While Netflix may create a freer television culture attractive to creators who don’t need to fear their show won’t proceed past the pilot stage, the company’s high levels of financial investment that it pours into its series also begs the question as to how much big data will influence the creation of that programming. How much will computer algorithms begin to dictate what and how artists must create? As Jessica Leber asks,
“Will screenplays some day be written to meet the whims of data-driven media streaming companies? Will an algorithm direct writers to produce content to appeal to niche audience profiles on Netflix?”
And what about the writing that occurs at the episode level? How will big data affect the direction a show takes? Or as Siraj Datoo asks,
“If it knows that a large percentage of viewers ended an episode early when a specific character appeared often, might the company suggest the character is removed from the second season?”
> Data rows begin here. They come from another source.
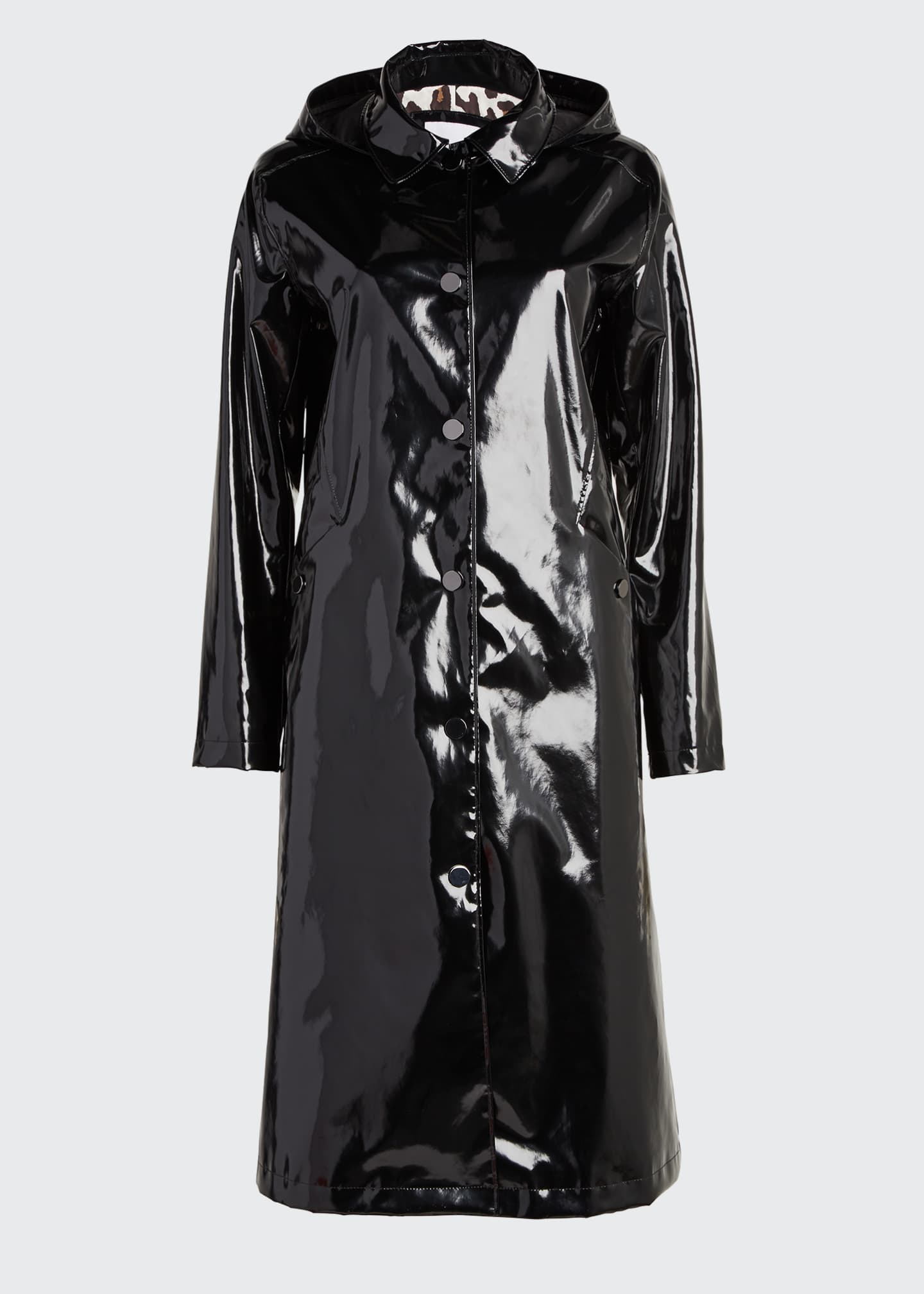 Jane Post Hooded SnapFront Long Rain Slicker Coat Bergdorf Goodman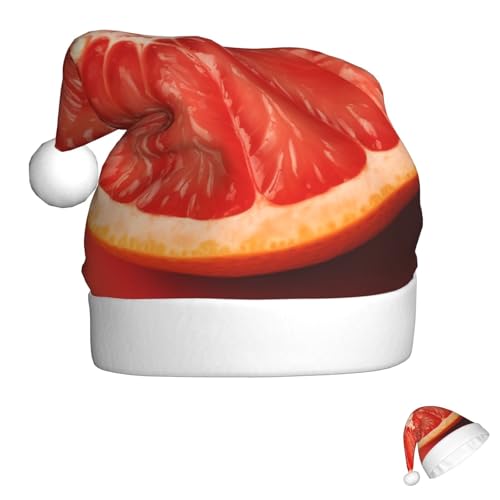 Weihnachtsmütze, Weihnachtsmannmütze, reife Grapefruitscheibe, Weihnachtsmütze für Erwachsene, Unisex, Weihnachtsmütze für Silvester, Party, Kopfbedeckung von HJRT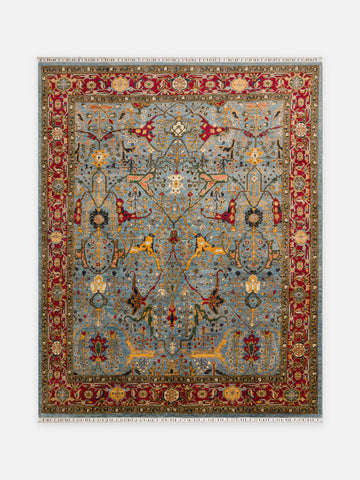 El dokuma Afgan halı açık mavi figürlü av bahçesi 242x304 cm kuşbakışı tam görünüm
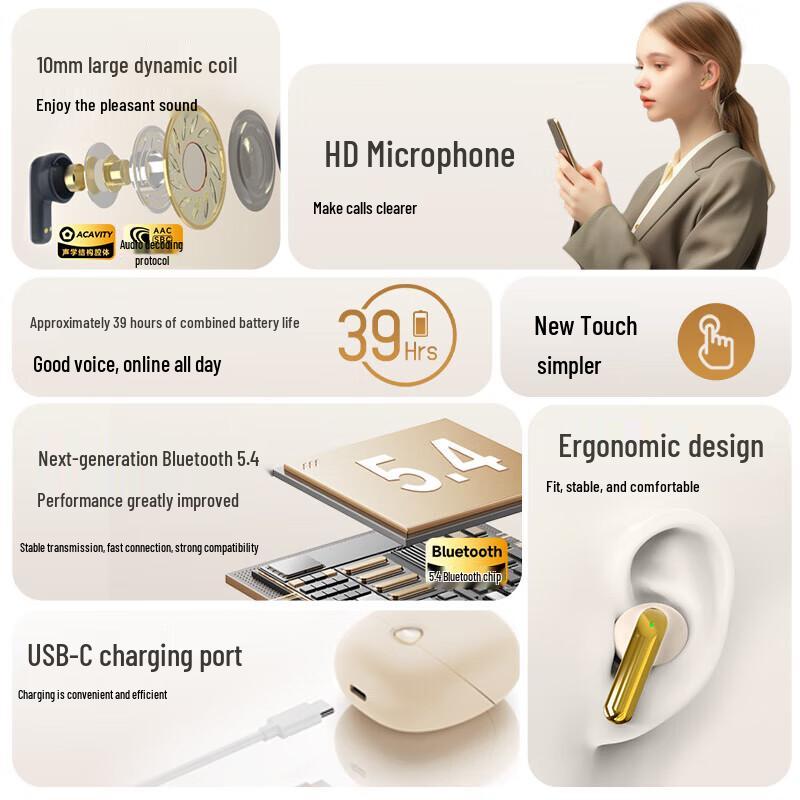 Aigo TA51 True Wireless Bluetooth Half-in-ear Earbuds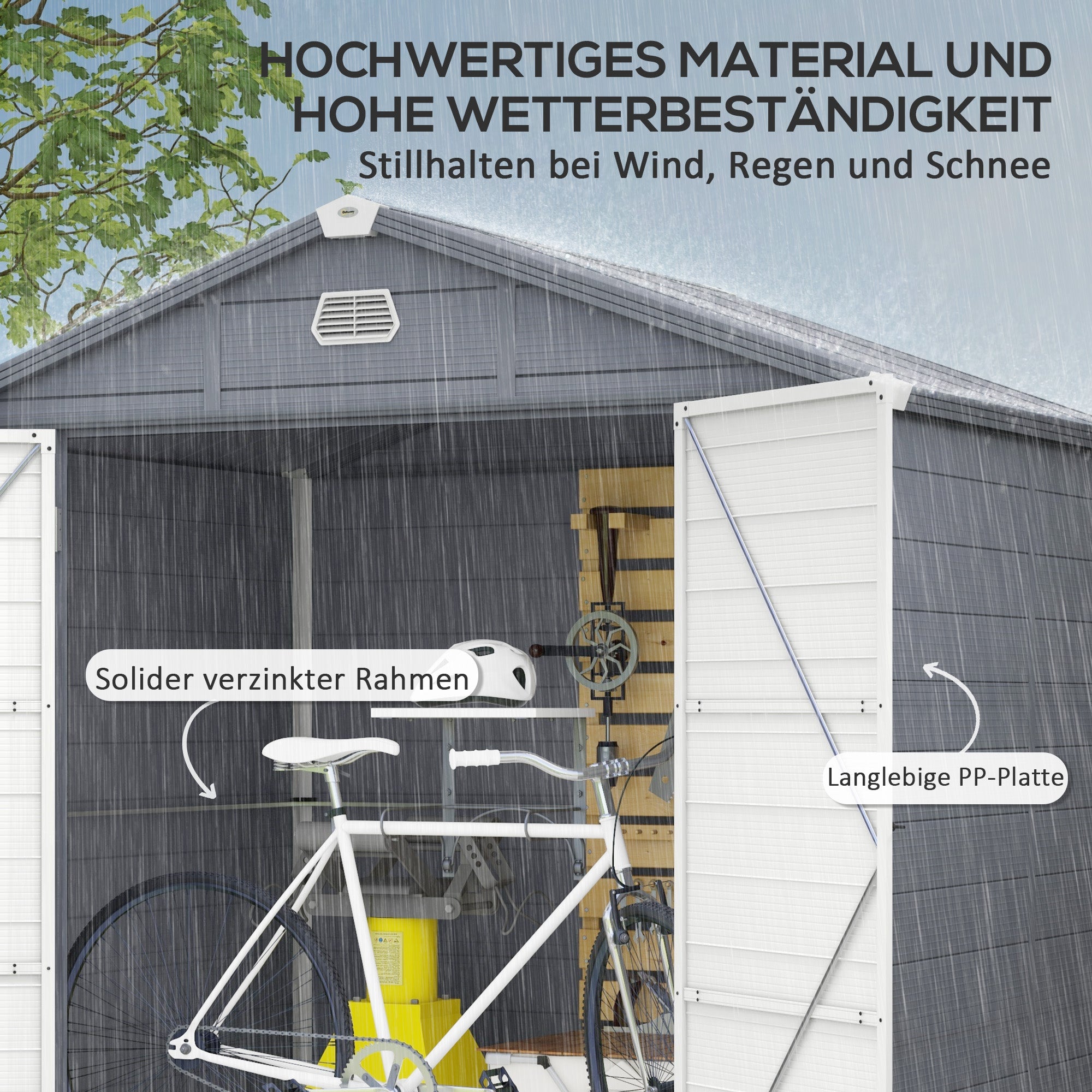 Tool Shed 4.1m³, Garden Shed with Gable Roof, 240 x 190 x 180/228 cm, Tool Shed with Lockable Door, Window, Bicycle Garage, Garden Cabinet for Backyard, Garden, Gray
There is not enough information publically available to answer each of these questions, but Netflix executives have stated that computer algorithms indeed help dictate which shows the company develops. In fact, Sarandos has repeatedly stated that Netflix mostly uses big data to figure out how large the market might be for a particular project but not to reverse engineer what that project should look like (“Next”). This sentiment is echoed by Cindy Holland, Head of Original Content at Netflix, who states that the company’s data allows her to
“identify subscriber populations that gravitate around genre areas … [and] allows us to project a threshold audience size to see if it makes for a viable project for us" (Sweney).
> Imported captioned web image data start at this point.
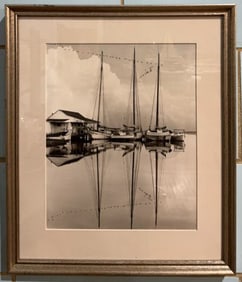 EARLY FRAMED HARBOR SCENE PHOTO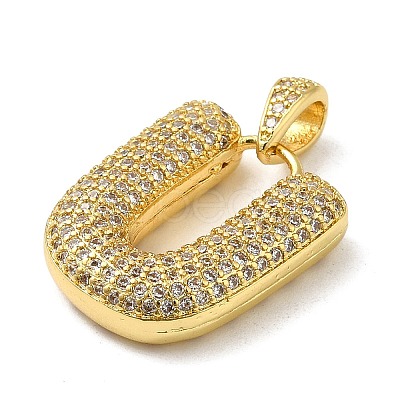 Brass Micro Pave Cubic Zirconia Pendants KK-E061-03G-21-1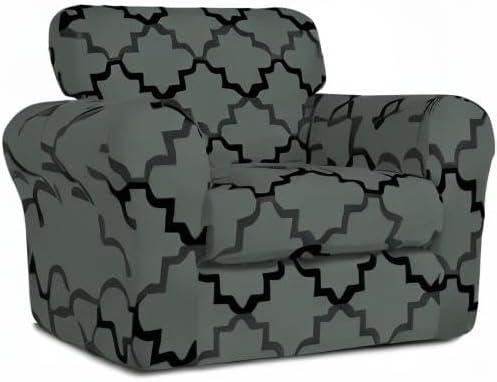 image:imageEasyGoing 2 Pieces Microfiber Stretch Chair Slipcover Spandex Soft Fitted Sofa Couch Cover Washable Furniture Protector with Elastic Bottom Kids Pet ChocolateQuatrefoilGray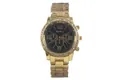 Elegant gold quartz watch with black dial and rhinestones on polished metal strap - Gold Black Dial Rhinestone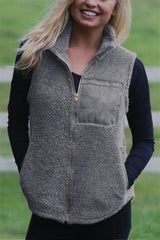 Turn-down Collar Fluffy Zipper Waistcoat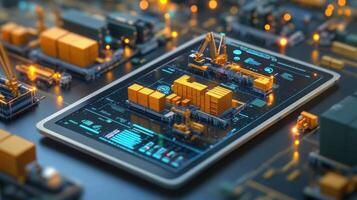 An ultramodern tablet shows an interactive interface for a supply chain management system featuring detailed graphs realtime data analytics and icons symbolizing various supply chai photo
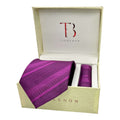 Magenta Self Stripe Tie And Pocket Square Combo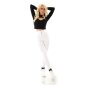 Hautenge Damen Highwaist Röhrenjeans mit Cut-Outs Weiß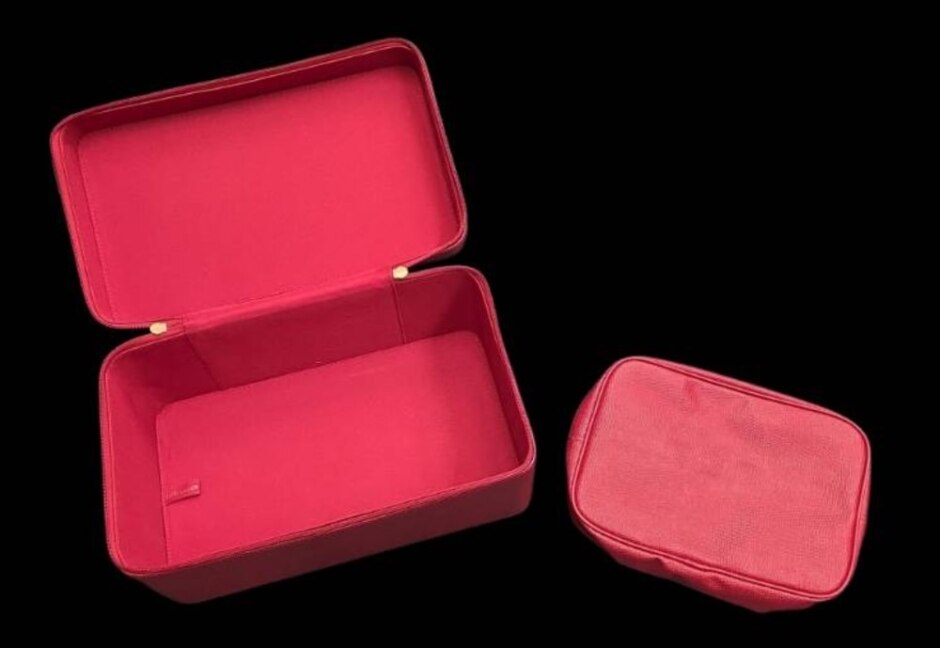 Vanity Travel Case With Make-up Toiletries Bag Set By Estee Lauder.  Red Faux Leather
Todd Yellin, Vice President of Product Innovation, also notes that the company shares all of its data with its Los Angeles programming team, “to see how it compares to the shows they are thinking about [developing]” and to see if any of those shows might fit the gaps in Netflix’s catalog and user demand (Sweney). Indeed, this process likely guided Netflix’s decision to create a fourth season of Arrested Development after Fox had canceled the show in 2006. Although it’s speculation, many Netflix subscribers who started to watch the first three seasons on the service likely had high and rather rapid completion rates for the series, suggesting high viewer demand and engagement with the text. Thus to offer fans more of the series they loved, Netflix likely commissioned an additional season to meet that demand.
Sarandos also indicates that while the company uses big data to decide how much to invest in a particular series, what series to make, and which stars should be included in the show’s cast, Netflix does not get involved much in the day-to-day writing process. “One of the things I really believe in is picking really great storytellers who have a history of delivering on great storytelling and letting them tell their stories,” adding that Netflix executives only guide their creators “with a very gentle hand” (“Keynote”). When pushed at the 2015 Cannes Film Festival as to what a “gentle hand” or “light touch” means in Hollywood, Sarandos admitted that his team will often serve as a tie breaker if there is a disagreement between creative members about what works best for a show. And they will offer guidance on issues such as how much to move a character up in the story or how quickly to resolve a story element (“NEXT”). Cindy Holland, however, has stated that one of the biggest misconceptions about Netflix is “the perception that my team isn't creatively involved in [an original] series at all.” She sums up the relation like this:
“On the one hand, we have a very light touch … our culture is about freedom and responsibility, and we believe that people do their best work when you give them both. But on the other hand, I'd like to acknowledge the amazing hard work my team does. So, that's always a bittersweet comment that we hear.”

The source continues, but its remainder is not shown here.